## [Brief]
Retype exactly what appears below from the line containing "A multi-story building" down to the line containing "Load image into", keeping both end lines. Do not include pictures.

## [Given records]

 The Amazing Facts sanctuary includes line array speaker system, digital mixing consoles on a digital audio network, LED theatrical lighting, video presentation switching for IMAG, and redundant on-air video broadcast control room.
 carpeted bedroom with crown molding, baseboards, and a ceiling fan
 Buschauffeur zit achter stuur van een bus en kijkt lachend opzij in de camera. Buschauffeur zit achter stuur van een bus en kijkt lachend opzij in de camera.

--

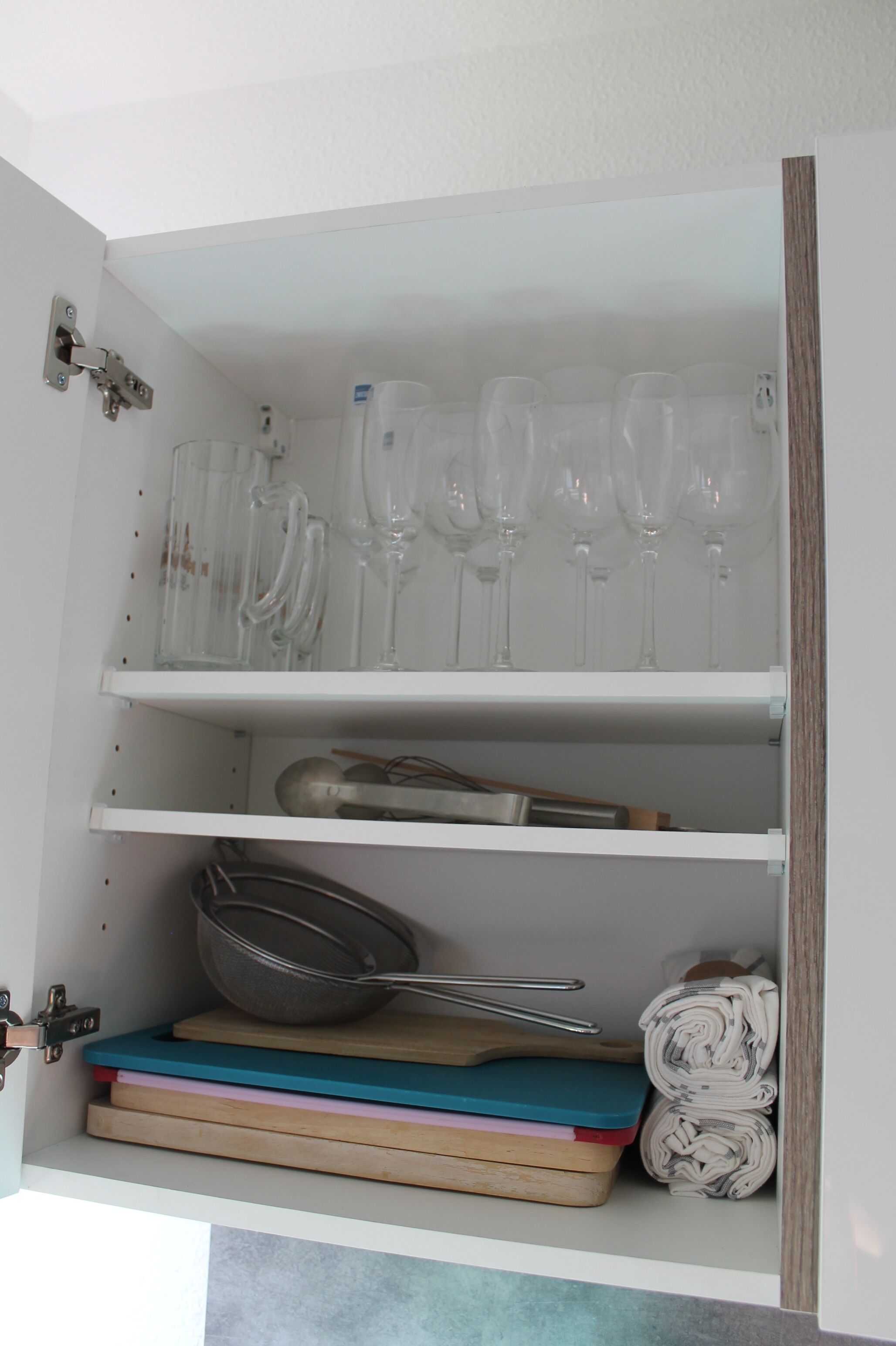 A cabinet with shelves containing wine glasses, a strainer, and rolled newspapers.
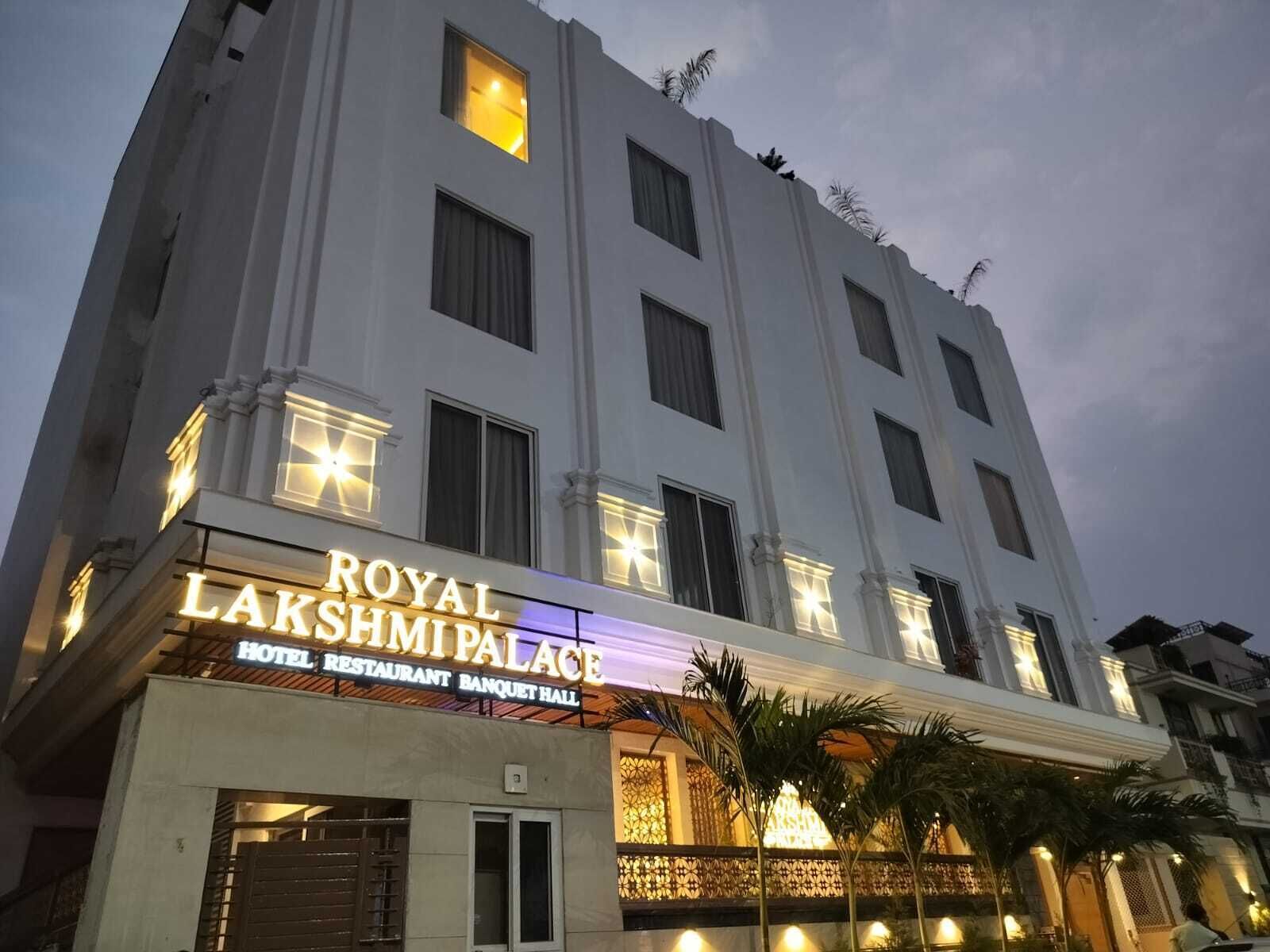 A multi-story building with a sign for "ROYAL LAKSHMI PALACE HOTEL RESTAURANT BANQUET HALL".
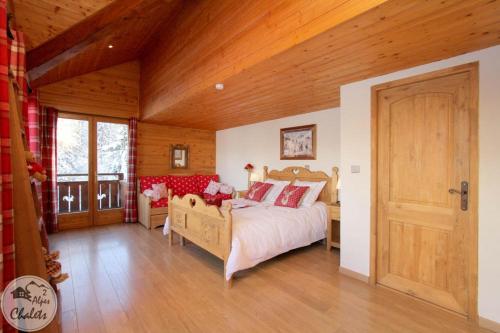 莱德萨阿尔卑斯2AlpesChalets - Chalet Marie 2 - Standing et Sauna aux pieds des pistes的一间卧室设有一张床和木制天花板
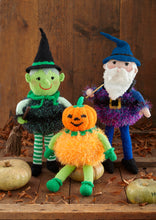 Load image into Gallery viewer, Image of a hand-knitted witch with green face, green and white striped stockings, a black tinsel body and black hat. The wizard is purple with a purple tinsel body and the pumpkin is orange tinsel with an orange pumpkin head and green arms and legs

## [Response to the task]
 A multi-story building with a sign for "ROYAL LAKSHMI PALACE HOTEL RESTAURANT BANQUET HALL".
 莱德萨阿尔卑斯2AlpesChalets - Chalet Marie 2 - Standing et Sauna aux pieds des pistes的一间卧室设有一张床和木制天花板
 Load image into Gallery viewer, Image of a hand-knitted witch with green face, green and white striped stockings, a black tinsel body and black hat. The wizard is purple with a purple tinsel body and the pumpkin is orange tinsel with an orange pumpkin head and green arms and legs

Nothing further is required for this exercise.